2573. Find The String With LCP

Problem Statement in English

You’re given a 2D array lcp of size n x n where lcp[i][j] is the length of the longest common prefix of the suffixes of a string s starting at indices i and j.

Your task is to find the lexicographically smallest string s of length n that corresponds to the given lcp array. If there is no such string, return an empty string.

Approach

There are two main steps to solve this problem:

• Construction of the string
• Validation of the constructed string against the lcp array - because the input matrix could be invalid (in which case we should return an empty string)

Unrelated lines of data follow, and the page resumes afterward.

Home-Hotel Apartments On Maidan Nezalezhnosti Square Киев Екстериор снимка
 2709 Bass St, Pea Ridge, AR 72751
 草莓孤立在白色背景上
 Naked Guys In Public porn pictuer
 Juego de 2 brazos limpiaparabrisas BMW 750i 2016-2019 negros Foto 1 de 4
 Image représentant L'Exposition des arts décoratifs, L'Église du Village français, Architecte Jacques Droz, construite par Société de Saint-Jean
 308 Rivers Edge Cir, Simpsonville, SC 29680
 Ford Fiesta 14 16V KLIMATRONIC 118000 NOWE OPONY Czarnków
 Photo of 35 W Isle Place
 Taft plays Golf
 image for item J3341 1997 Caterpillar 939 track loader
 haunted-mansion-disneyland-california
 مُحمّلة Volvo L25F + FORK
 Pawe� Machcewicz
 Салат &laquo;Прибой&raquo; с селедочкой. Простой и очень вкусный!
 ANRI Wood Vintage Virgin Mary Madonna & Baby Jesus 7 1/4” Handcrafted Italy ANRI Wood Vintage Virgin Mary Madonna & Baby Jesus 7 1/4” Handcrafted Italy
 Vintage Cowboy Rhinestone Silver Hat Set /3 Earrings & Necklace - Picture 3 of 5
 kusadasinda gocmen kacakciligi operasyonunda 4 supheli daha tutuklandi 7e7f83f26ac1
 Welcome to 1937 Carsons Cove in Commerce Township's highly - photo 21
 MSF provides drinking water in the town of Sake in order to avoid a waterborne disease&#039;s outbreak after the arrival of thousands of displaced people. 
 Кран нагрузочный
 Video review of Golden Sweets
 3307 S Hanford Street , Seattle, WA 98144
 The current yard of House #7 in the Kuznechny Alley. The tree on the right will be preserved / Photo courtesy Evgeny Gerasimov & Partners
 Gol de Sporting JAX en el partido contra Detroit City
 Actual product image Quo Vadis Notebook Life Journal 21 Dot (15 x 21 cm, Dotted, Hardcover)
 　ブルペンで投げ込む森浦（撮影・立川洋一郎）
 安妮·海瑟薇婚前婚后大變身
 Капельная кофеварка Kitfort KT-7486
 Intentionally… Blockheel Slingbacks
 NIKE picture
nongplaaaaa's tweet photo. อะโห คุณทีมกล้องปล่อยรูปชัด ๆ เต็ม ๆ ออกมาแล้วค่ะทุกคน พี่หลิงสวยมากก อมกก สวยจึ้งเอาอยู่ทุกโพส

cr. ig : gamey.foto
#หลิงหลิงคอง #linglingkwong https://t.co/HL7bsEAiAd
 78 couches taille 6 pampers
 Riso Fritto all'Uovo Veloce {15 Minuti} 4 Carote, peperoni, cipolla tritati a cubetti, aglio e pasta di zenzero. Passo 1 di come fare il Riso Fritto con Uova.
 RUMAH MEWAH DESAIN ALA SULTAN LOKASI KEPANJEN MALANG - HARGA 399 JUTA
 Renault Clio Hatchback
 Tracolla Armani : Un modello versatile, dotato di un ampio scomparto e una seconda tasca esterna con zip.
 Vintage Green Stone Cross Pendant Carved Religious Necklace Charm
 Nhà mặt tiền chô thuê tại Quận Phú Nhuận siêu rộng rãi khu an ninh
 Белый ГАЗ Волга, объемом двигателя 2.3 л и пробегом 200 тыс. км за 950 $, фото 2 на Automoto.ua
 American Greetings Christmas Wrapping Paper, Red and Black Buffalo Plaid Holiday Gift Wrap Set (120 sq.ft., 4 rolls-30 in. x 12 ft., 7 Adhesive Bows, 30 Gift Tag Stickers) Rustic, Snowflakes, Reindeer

Let’s start with the construction of the string.

We can iterate through the lcp array and whenever we encounter a non-zero value at lcp[i][j], it means that the characters at indices i and j in the string must be the same. Thus, we can use a greedy approach to assign the current character to the string at index i and all indices j where lcp[i][j] is non-zero. We can keep track of the next available character using a variable current, which starts at ‘a’ and increments whenever we assign a new character.

Now for the verification step, we need to ensure that the constructed string satisfies the conditions given by the lcp array, and that the lcp array is actually legitimate.

A couple checks we can perform are:

• if lcp[i][j] is non-zero, then lcp[j][i] should also be non-zero, and the characters at indices i and j should be the same.
• if i or j is the last index, then lcp[i][j] should be 1 if the characters are the same, and 0 otherwise.
• for other indices, lcp[i][j] should be one more than lcp[i + 1][j + 1] (the next character) if the characters at indices i and j are the same, and should be 0 if they are different.

And we are done!

Solution in Python

class Solution:
    def findTheString(self, lcp: List[List[int]]) -> str:
        n = len(lcp)
        word = [""] * n
        current = ord("a")

        for i in range(n):
            if not word[i]:
                if current > ord("z"):
                    return ""
                word[i] = chr(current)
                for j in range(i + 1, n):
                    if lcp[i][j]:
                        word[j] = word[i]
                current += 1

        for i in reversed(range(n)):
            for j in reversed(range(n)):
                if word[i] != word[j]:
                    if lcp[i][j]:
                        return ""
                else:
                    if i == n - 1 or j == n - 1:
                        if lcp[i][j] != 1:
                            return ""
                    else:
                        if lcp[i][j] != lcp[i + 1][j + 1] + 1:
                            return ""

        return "".join(word)

Complexity

• Time: $O(n^2)$
  Since we have a nested loop to construct the string and another nested loop to validate it.

• Space: $O(n)$
  Since we store the constructed string in an array of size n.

Mistakes I Made

I had to look this one up :(

And we are done.